Inside the general, online-gaming community, one can observe that when games and art are discussed, videogames are predominantly used as the lens through which the conversation is anchored. Still, we can discern the connection between art and games with greater depth if we reverse our perspective. That is exactly what Chapter 3 of John Sharp’s Works of Game sets out to do: describe the methods by which artists approach videogames to make their own game art. In doing so, we find different groups who use games to create visual art, who modify games to create cultural commentary, and artists who wish to reflect on the medium itself.
To better understand how games are used in the art world, it is useful to elucidate their role in altering current interpretations of art. As far back as the 60s, artists such as Takako Saito used chess as a central theme in his work. Yet, in his exhibits, the game wasn’t playable but was employed instead to illuminate the relationships between different objects on the board.
This approach “was part of the sea [of] change that began with conceptual art and its privileging of ideas over form.” In this school of thought, there is little value assigned to how the ideas are made manifest, but rather the idea behind the work is the prime mover. In a sense, art could be made of anything. Just see Duchamp’s Fountain.
Herein lies Sharp’s first example of game art: the artists who use gaming technology as tools for art creation. Artist John Oliver’s ioq3aPaint perfectly illustrates this approach. Oliver manipulated bugs in the Quake 3 engine to create abstract images. The resulting screengrabs had zero “gameness left [and shared] no obvious connection to games at all if the viewer was not familiar with how videogames were made.”
In Sharp’s eyes, this method of repurposing game technology for art creation is analogous with the works of Ben Laposky who aesthetically explored images captured by electronic test instruments. Sharp goes further and places Oliver’s style in the historical trajectory of Robert Rauschenburg, whose paintings were “not a conception of what the world looked like, but rather what the world was.”
The image to the left is a contemporary example of game art. The artist is Ygor Dimas and you can find his work on Twitter or Ello.
Nevertheless, artists enlist games as materials for art creation in more elastic practices than just image creation. Some artists use games to subvert the original creation and create commentary. Sharp highlights Cory Arcangel, who repurposes games in his own works, to exemplify this approach. He created Beat the Champ, an installation that displayed ten bowling games from different eras all auto-rolling gutter balls. By removing play, Arcangel subverts the original games’ intention.
Furthermore, Sharp points out the similarities between Arcangel’s Beat the Champ and Andy Warhol’s Campbell’s Soup Cans. With Campbell’s Soup Cans, Warhol denied the images of their advertising power and replaced it with commentary on the “commerce driven nature of fine art [galleries].” Likewise, Beat the Champ changes the frustration of a gutterball into a pleasurable viewing experience.
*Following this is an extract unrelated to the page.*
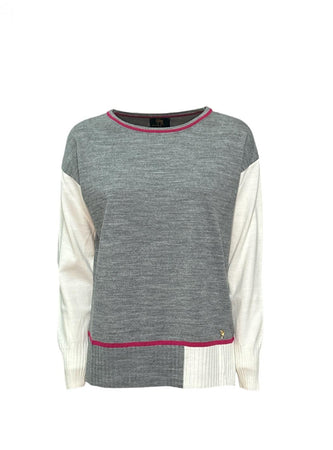 GAI MATTIOLO Donna gai mattiolo GM2714 da donna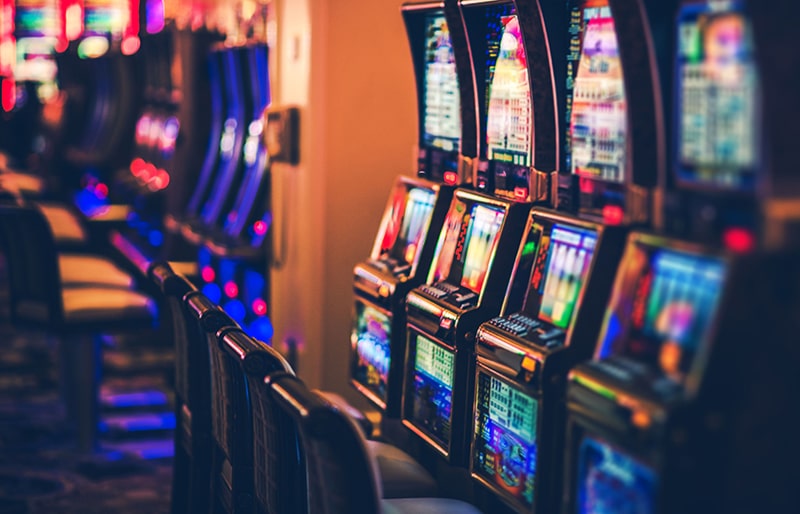 situs daftar agen judi slot demo pragmatic play online terpercaya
Both appropriate artifacts with the intention of creating new meaning while at the same time stripping them of their characteristics that were present before intervention.
Lastly, Sharp shows that artists also use games to reflect upon and even research or expose the medium. Here, the artists wish to bring a “critical eye to… videogames, their play, and the technologies that produce them.” Max Payne Cheats Only 1, a compilation of videos showing exploits and graphical glitches in Max Payne 2, has lost its interactivity, allowing the viewer to “contemplate the bizarre, artificial nature of 3D games.”
Tangentially, the creator of Cheats Only 1, JODI, also made Cadavre Exquis, or exquisite corpse. JODI presents a sheet of folded paper as a game to produce a drawing. The first “player” draws an image on the section displayed to them, and the subsequent “players” fill in their panel by connecting the lines from the previous fold. The resulting unfolded sheet is a mish-mash of images that create no coherent statement or idea. Instead, “the process of playing the game becomes the meaning of the work.”
Ultimately, the viewer knows “the real experience of the image is forever gone and understood only by those who actively participated in the game.”
(I cannot begin to describe how revelatory I felt reading that statement, as it perfectly encapsulates my attitude towards gameplay. The true joy of games is found in the transient play that is necessary to experience them.)
So there you have it, this is how videogames and art are approached by those who come at games with an “art-first” perspective. The tools of game creation can be repurposed for the sake of creating visual art, or mods can be made that overthrow the work’s intended purpose and create commentary. Nevertheless, what I find most interesting here is when artists modify videogames in order to better understand them. If artists are okay stating that the process of play is meaningless, why do we hold so tightly to the notion that playing games is important?
All ideas in this article were pulled from Works of Game: On Aesthetics of Game and Art. More specifically, chapter 2.